The translation of Buttmann's grammar by Joseph Thayer is the authorized English edition of Buttmann's grammar. Thayer expanded several sections in the English edition in order to provide additional clarity for English students who would not have access to the German-only resources referred to in the original German edition. He also rigorously checked the indexes and references for accuracy, added a comprehensive index to the Septuagint and numerous notes to the grammatical discussions of other grammars for quick reference.
Buttmann’s Grammatik des neutestamentlichen Sprachgebrauchs had appeared in 1859 and was translated by Thayer as Buttmann’s Grammar of N. T. Greek (1873), an able work.
—A. T. Robertson, A Grammar of the Greek New Testament in the Light of Historical Research
[Alexander Buttmann's Grammar] is confessedly the most important treatise on the subject which has appeared since Winer's.
—Joseph Thayer, "Translator's Preface"
He has thus expended a vast amount of labor and care upon the present work, and deserves the hearty thanks of inquirers into the meaning of the New Testament writings.
—Bibliotheca SacraVolume 31, 1873
Alexander Buttmann was the youngest son of the grammarian and linguist, Philip Buttmann, whose Greek grammar went through nineteen editions over the course of several decades, remaining a preeminent standard for close to a century.

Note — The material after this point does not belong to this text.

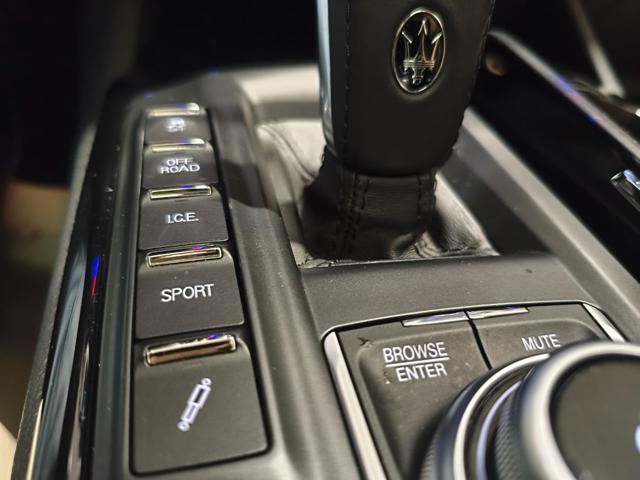 MASERATI LEVANTE 2022 HYBRID 4X4 DA 330 CV TETTO  - foto 20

Alexander Buttmann studied at the universities in Berlin and Bonn, was taught at the gymnasium at Potsdam where he attained the position of Professor in 1854. His father's grammatical works were placed in his care at the time of Philip Buttmann's death. He edited the following eight editions of his father's grammar as the study of Ancient Greek continued to progress. Yet even with all this effort, it was Alexander Buttmann's A Grammar of the New Testament Greek that defined his career.